Material for this exercise:
────

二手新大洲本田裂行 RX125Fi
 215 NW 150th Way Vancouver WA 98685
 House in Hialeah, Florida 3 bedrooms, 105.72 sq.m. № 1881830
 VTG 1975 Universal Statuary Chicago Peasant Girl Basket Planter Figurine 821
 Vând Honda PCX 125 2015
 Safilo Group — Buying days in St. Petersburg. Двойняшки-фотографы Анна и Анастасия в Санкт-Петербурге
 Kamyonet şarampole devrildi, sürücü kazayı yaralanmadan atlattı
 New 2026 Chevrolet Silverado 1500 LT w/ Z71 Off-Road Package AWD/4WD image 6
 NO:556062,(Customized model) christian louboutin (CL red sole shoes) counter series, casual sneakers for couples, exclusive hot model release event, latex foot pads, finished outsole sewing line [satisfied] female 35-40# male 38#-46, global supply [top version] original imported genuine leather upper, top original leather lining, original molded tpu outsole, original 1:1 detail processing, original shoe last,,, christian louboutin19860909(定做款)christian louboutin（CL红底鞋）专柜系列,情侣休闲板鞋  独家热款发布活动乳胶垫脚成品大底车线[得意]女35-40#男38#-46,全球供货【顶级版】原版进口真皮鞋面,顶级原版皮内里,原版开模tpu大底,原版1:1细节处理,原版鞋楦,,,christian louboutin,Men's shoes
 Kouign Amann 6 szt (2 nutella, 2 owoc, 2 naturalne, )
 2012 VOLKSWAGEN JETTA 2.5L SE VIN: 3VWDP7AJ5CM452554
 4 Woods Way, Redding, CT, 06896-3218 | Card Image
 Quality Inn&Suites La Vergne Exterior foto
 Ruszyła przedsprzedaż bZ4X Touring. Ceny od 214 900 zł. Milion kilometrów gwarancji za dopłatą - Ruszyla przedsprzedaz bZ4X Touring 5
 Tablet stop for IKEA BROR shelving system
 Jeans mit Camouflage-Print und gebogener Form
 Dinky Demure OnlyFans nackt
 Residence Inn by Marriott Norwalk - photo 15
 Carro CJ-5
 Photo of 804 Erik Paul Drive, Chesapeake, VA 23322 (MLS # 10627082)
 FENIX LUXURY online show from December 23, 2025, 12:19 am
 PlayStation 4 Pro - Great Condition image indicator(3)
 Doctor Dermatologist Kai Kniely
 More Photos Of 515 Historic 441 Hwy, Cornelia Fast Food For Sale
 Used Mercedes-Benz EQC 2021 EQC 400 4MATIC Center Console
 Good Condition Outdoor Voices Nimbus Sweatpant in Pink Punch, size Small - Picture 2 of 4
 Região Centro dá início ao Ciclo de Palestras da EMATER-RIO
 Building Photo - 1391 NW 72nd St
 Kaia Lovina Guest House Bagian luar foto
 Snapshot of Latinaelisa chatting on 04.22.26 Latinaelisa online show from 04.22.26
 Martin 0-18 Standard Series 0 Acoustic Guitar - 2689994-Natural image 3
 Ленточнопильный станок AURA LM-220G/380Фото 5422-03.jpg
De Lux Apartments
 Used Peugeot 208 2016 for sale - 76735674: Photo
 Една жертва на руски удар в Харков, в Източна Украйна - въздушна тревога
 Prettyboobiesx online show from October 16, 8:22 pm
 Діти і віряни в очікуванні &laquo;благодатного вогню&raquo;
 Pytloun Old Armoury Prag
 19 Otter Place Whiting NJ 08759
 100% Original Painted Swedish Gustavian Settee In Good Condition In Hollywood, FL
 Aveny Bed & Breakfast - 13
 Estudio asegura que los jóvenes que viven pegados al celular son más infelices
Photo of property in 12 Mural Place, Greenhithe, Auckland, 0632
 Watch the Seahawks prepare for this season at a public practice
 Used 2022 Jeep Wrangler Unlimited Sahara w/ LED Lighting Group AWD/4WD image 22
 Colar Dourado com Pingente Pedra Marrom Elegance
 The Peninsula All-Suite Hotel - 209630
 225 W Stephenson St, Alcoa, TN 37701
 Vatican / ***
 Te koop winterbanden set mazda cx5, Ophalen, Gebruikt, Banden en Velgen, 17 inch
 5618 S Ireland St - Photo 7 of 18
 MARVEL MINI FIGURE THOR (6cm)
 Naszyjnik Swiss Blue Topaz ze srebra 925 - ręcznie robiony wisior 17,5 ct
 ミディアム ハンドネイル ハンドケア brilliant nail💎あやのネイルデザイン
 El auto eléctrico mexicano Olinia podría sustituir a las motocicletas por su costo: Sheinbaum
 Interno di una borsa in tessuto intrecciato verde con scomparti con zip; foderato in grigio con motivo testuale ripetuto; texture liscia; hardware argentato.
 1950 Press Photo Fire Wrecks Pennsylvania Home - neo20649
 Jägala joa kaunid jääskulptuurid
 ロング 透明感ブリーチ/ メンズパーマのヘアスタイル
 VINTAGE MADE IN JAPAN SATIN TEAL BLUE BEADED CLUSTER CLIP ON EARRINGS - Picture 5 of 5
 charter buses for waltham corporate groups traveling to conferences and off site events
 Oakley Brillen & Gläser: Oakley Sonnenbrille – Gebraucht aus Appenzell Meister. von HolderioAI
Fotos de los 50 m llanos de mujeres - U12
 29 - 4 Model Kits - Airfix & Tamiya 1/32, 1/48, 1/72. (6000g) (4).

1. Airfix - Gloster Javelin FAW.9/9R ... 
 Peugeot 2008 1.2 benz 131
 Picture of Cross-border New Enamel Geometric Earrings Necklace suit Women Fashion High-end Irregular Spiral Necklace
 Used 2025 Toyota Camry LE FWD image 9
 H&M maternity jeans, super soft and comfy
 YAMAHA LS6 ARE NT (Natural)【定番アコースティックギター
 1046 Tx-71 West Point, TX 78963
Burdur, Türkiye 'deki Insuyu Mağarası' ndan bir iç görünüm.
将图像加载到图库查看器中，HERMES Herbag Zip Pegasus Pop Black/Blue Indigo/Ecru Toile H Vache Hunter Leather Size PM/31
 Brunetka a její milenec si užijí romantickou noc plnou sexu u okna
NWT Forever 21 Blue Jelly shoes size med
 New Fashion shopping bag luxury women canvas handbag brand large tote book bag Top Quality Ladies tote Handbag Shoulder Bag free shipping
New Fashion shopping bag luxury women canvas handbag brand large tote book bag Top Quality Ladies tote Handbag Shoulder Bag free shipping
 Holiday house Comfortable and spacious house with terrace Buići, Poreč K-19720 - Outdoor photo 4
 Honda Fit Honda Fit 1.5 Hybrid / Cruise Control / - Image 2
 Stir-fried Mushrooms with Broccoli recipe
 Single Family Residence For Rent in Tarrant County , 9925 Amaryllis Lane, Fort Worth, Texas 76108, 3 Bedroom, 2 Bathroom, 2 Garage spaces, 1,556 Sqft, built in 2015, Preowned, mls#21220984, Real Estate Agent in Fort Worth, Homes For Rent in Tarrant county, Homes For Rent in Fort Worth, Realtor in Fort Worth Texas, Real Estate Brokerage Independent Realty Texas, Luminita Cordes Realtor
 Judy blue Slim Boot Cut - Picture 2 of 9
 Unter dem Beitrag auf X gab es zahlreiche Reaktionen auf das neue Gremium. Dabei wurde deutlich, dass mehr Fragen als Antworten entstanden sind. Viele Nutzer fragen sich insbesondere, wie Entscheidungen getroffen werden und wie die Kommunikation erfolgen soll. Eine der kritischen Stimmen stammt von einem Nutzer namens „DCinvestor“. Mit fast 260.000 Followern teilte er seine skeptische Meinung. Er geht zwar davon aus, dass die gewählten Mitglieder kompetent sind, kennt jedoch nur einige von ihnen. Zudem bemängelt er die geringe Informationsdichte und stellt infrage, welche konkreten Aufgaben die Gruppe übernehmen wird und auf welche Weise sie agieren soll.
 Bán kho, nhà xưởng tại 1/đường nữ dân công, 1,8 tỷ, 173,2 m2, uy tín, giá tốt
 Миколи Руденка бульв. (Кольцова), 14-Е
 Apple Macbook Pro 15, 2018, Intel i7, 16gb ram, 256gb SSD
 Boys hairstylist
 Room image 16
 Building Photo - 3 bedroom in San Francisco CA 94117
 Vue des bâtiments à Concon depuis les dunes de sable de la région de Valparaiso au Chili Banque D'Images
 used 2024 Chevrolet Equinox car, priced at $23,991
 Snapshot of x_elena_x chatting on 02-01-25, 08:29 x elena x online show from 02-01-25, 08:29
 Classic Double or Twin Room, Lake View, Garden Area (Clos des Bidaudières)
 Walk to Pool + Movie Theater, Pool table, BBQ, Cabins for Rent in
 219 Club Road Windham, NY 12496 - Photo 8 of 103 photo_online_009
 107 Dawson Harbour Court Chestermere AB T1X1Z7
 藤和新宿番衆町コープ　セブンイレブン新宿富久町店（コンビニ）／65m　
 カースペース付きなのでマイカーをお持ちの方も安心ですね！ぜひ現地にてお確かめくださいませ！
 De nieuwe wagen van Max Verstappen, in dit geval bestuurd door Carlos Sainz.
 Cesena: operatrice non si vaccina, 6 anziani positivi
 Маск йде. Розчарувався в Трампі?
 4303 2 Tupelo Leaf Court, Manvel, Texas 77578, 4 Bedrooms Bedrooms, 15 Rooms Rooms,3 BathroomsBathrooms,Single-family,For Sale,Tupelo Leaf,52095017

────

Assignment: Reproducing the whole listing above is not the task. Copy exactly only the lines from the one with "used 2024 Chevrolet" to the one with "カースペース付きなのでマイカ", both kept.

Task output:
 used 2024 Chevrolet Equinox car, priced at $23,991
 Snapshot of x_elena_x chatting on 02-01-25, 08:29 x elena x online show from 02-01-25, 08:29
 Classic Double or Twin Room, Lake View, Garden Area (Clos des Bidaudières)
 Walk to Pool + Movie Theater, Pool table, BBQ, Cabins for Rent in
 219 Club Road Windham, NY 12496 - Photo 8 of 103 photo_online_009
 107 Dawson Harbour Court Chestermere AB T1X1Z7
 藤和新宿番衆町コープ　セブンイレブン新宿富久町店（コンビニ）／65m　
 カースペース付きなのでマイカーをお持ちの方も安心ですね！ぜひ現地にてお確かめくださいませ！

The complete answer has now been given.